The long and short of all that is quite simple: if Libya’s oil production exits the global crude market completely, there’s already capacity in line to replace it. That factoid alone has helped lower the price of Brent oil futures back down today, from north of $119 to $114. Hopefully, that will calm crude oil markets and allow the struggle within Libya to oust that nation’s dictator of over 40 years, Col. Moammar Gadhafi to reach a conclusion without negative international interference.
So, OK, back to business confidence, for this is what will sustain not only an economic recovery but bolster freight volumes as well.

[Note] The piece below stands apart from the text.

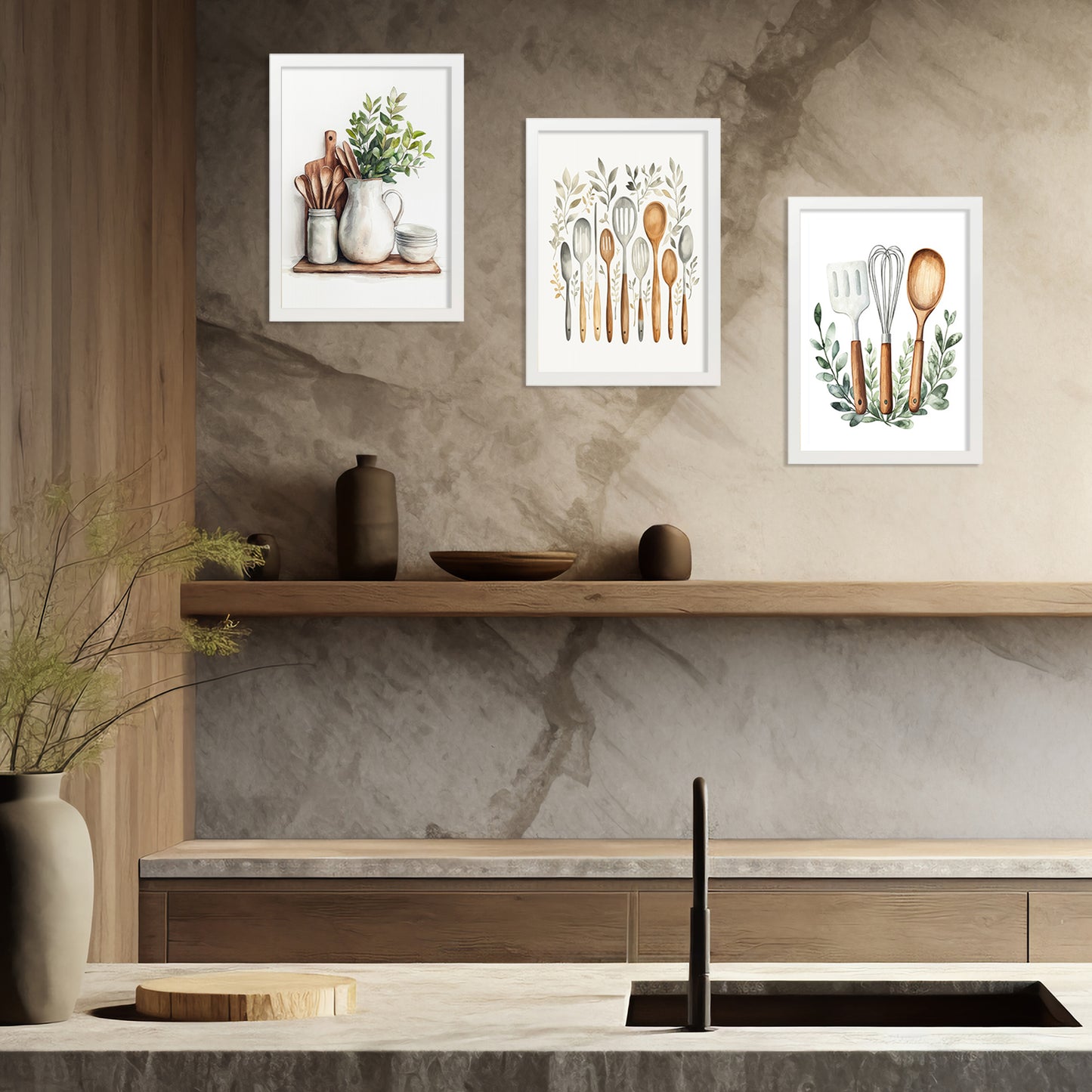 Set de 3 Cuadros Utensilios y herramientas de Cocina Póster en Acuarela con Ilustración impresa para decorar las paredes de la Cocina, Despensa, Comedor, Restaurante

According to the Corporate Executive Board’s (CEB) quarterly Business Barometer survey, the collective optimism of over 430 senior executives across 33 different industries boosted the group’s its “confidence sentiment” index by 1.5 to 50.6 in the first quarter this year compared to 48.9 in the fourth quarter of 2010 – marking the second consecutive quarter of executives' improved economic outlook.
Notably, CEB said 82% of senior executives expect their firms' revenues to increase, up from 76% in the fourth quarter, with 50% expecting meaningful growth of 5% or more. Additionally, 69% of senior executives expect their industries' revenues to grow in the next 12 months, compared to 62% in the fourth quarter last year.
One of the most significant improvements regarded senior executive sentiment concerning consumer confidence, with 56% expecting consumer confidence to improve, compared to just 39% and 38% in the fourth and third quarters, respectively, last year. Growth prospects in the U.S. and European Union also improved dramatically, with 50% of executives now seeing stronger economic growth in these industrialized economies, compared to 32% in the last two quarters of 2010.
Of course, there are worries, too. Despite the improved growth outlook, the CEB’s survey indicated that companies continue to face a challenging cost environment:
• About 84% of senior executives surveyed expect higher costs of core inputs in the next 12 months, compared to 74% in the fourth quarter last year – the highest reading since the start of the index.
• Almost 98% of senior executives surveyed expect the cost of energy and non-energy related commodities to either remain at current levels or grow even higher.
• In the next twelve months, 48% of executives surveyed expect to operate in a higher interest rate environment.
• Finally, 78% of senior executives expect higher labor costs.
Now, of course, this is small sample – we’re talking just over 430 executives here. But still, these are the kinds of folks that don’t believe in mere hope as a business survival strategy. They’re looking at all sorts of data collected inside and outside their companies so they can prepare for future, be it good or bad.
And right now, things seem good – or at the very least better than they’ve been. Indeed, the increase in monthly truckload freight tonnage tracked by the American Trucking Associations – up 2.5% in December and up another 3.8% in January – serves as another indication that things are going well.
Now, could all of this come off the rails if oil stays above $100 per barrel? Yeah, I think so. But as we’ve seen with Saudi Arabia stepping into the crude production gap created by the ongoing revolution Libya, that’s a catastrophic economic scenario that may just get nipped in the bud.